Deep Learning for Investigating Causal Effects with High-Dimensional Data: Analytic Tools and Applications to Educational Interventions
Alberto Guzman-Alvarez
About the research
Award
NAEd/Spencer Dissertation Fellowship
Award Year
2021
Institution
University of Pittsburgh
Primary Discipline
N/A
Quantitative education research has the potential to be revolutionized by recent developments in machine learning. Realizing these possibilities, however, requires scholars to bridge the worlds of educational research and computer sciences. Through my dissertation, I aim to merge advances in deep learning and causal inference to enable researchers to assess program impacts using quasi-experimental methods with high-dimensional data. First, I will develop a new analytical procedure incorporating advances in Deep Learning, specifically Deep Neural Networks, to estimate propensity scores with procedures that flexibly accommodate both high-dimensional data and complex relationships between treatment selection and observable characteristics. Preliminary results suggest that these methods outperform most traditional modeling strategies, particularly when complexities (e.g., non-linearities, interactions) are present in the selection model. Second, I will incorporate this approach into a causal mediation framework that employs a propensity score-based weighting strategy to allow researchers to test potential mechanisms underlying treatment effects. In addition to the methodological contributions, my dissertation also will make substantive contributions to the applied literature. I will employ these methods to evaluate a large-scale college access intervention that offered high school students critical supports to ease their transition into college during the COVID-19 pandemic. In addition to academic papers, I will produce an open-source R package to allow applied researchers to conveniently implement my method.
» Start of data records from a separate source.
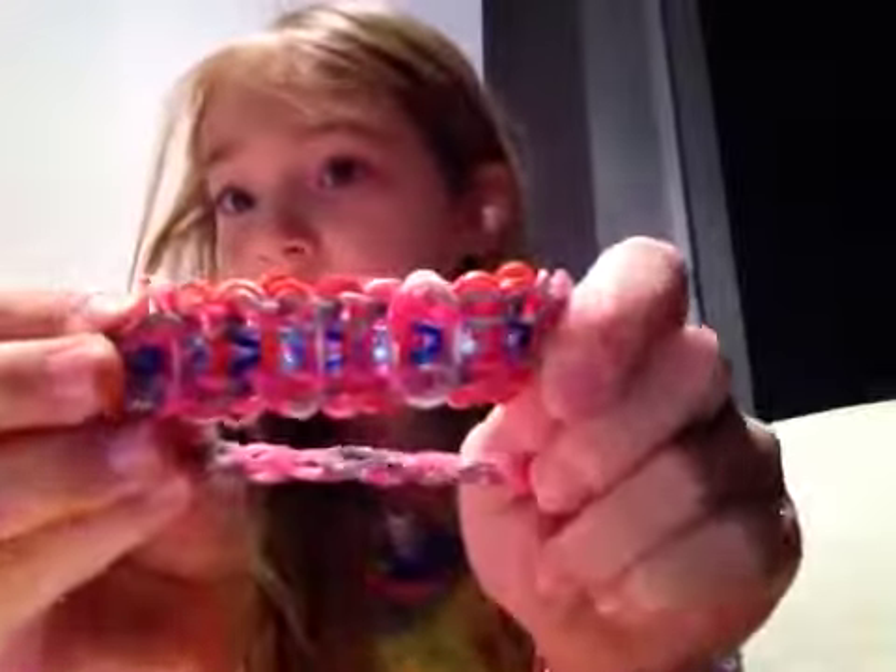Hi guys, I'm Logan. Today I'll be showing you how to make your very own ladder bracelet. So it looks like this. I did already start, so I'll be telling you how to do it from here.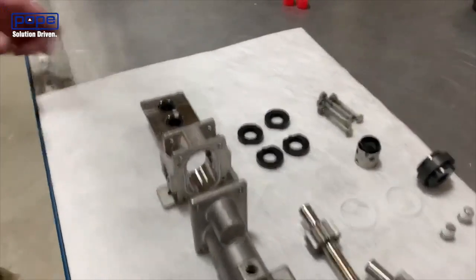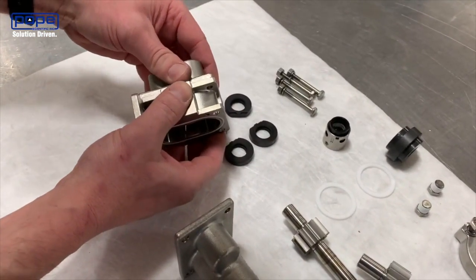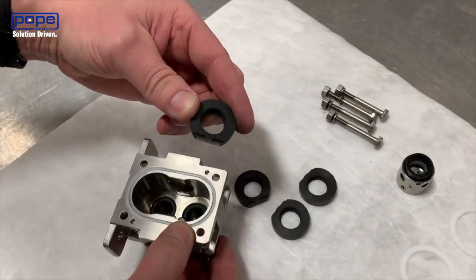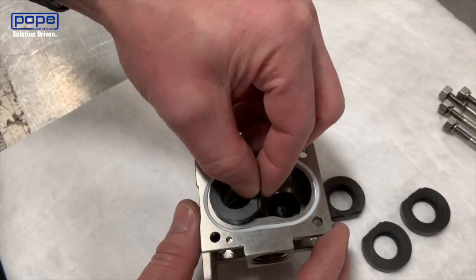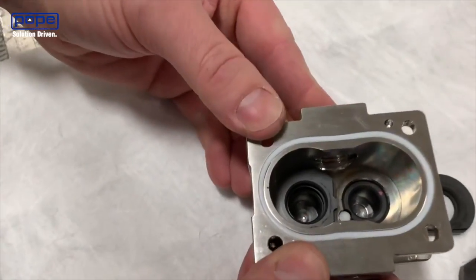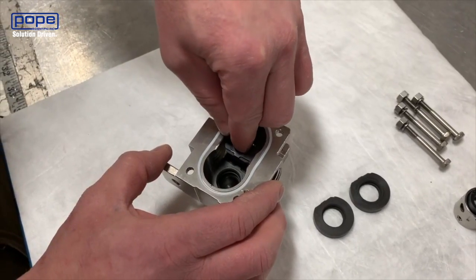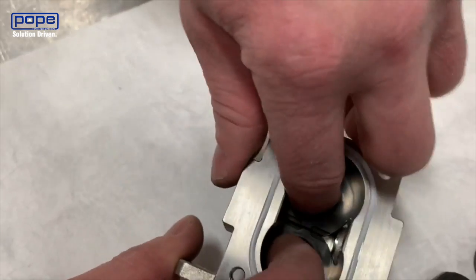Now we're putting the pump back together. The first thing you're going to do is line up the rear housing and the center housing — those two pins will hold it in place and make sure it fits exactly where it needs to go. Now you're going to add in the carbon wear plate. There are two relief grooves on that carbon wear plate, and you'll want to pay special attention to how we're lining those up. Insert it so that the relief grooves are facing towards the center, and put in the other carbon wear plate with those two relief grooves facing each other.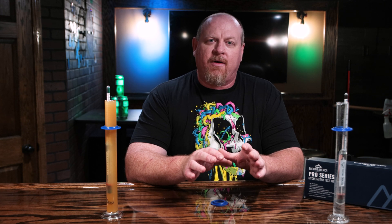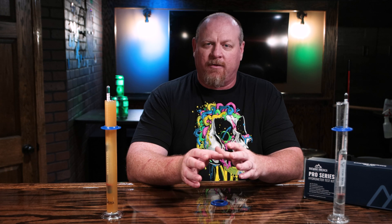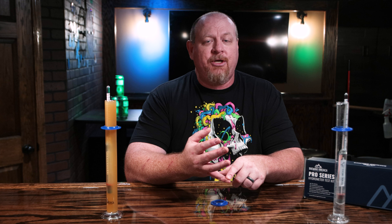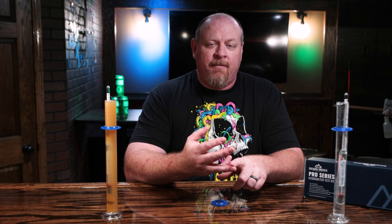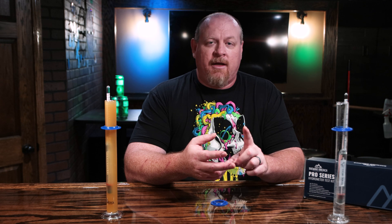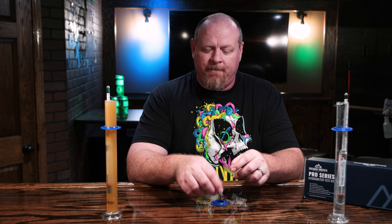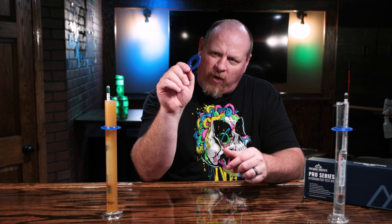The hydrometer is probably the easiest way to take a gravity reading both after you're done brewing your beer as well as after fermentation is complete. In this video I want to show you how to check the calibration of your hydrometer, take a proper reading, how to prepare a sample for pressure fermentation, and also what this blue collar ring thing is for.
About Alberto Guzman-Alvarez
Alberto Guzman-Alvarez is a Ph.D. student in the Department of Educational Foundations, Organization, and Policy at the University of Pittsburgh, School of Education. Proudly raised by Mexican immigrant parents, Alberto approaches his research through his experience as a first-generation student, believing that data can be a tool for social justice. His research focuses on applying and developing quantitative methods for evaluating the effectiveness of education policies and interventions. In particular, he is interested in college access issues affecting first-generation, historically marginalized students. He is broadly interested in educational data science, computational social science, and causal inference. In his dissertation, he merges his methodological and policy interests by developing new methods for evaluating quasi-experimental interventions with high-dimensional data and applying these methods to a large-scale college access intervention.He has published both methodological and policy-focused articles in journals such as Educational Evaluation and Policy Analysis and the Journal of Research on Educational Effectiveness. In his recent policy manuscript, he and his co-author analyzed the administrative cost to colleges and universities of the FAFSA verification mandate. This work has received national attention and has been cited in a congressional committee hearing on college access.He is the K. LeRoy Irvis Pre-Doctoral Fellowship recipient and was recognized as an Equity and Inclusion Fellow by the Association for Public Policy Analysis and Management (APPAM). Prior to his doctoral studies, Alberto earned his B.S. in Psychology from the University of California, Davis, and a Masters in Research Methodology from the University of Pittsburgh.